# About this exercise:
Output only the lines of the entries that follow, starting at the one with "Pronájem bytu 2+1, Brno" and running down to the one with "Kindreds Curse Saga", both included and unchanged.

# Raw data:

%%

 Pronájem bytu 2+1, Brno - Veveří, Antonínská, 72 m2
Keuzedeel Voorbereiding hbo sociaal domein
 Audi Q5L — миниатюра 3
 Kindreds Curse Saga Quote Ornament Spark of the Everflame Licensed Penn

%%
%%

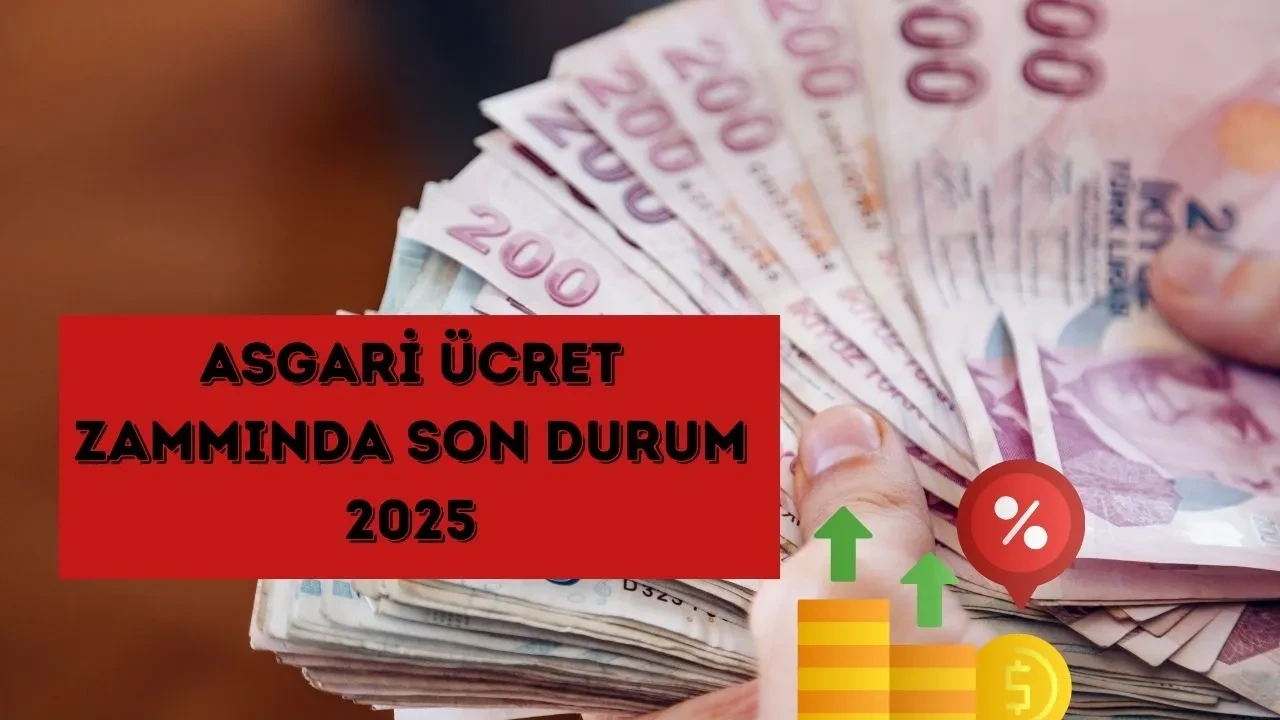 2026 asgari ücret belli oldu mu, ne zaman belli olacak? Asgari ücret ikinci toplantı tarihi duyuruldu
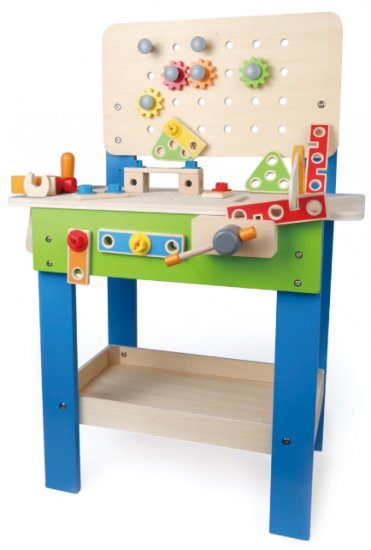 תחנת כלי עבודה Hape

%%

# Reply to the exercise:
 Pronájem bytu 2+1, Brno - Veveří, Antonínská, 72 m2
Keuzedeel Voorbereiding hbo sociaal domein
 Audi Q5L — миниатюра 3
 Kindreds Curse Saga Quote Ornament Spark of the Everflame Licensed Penn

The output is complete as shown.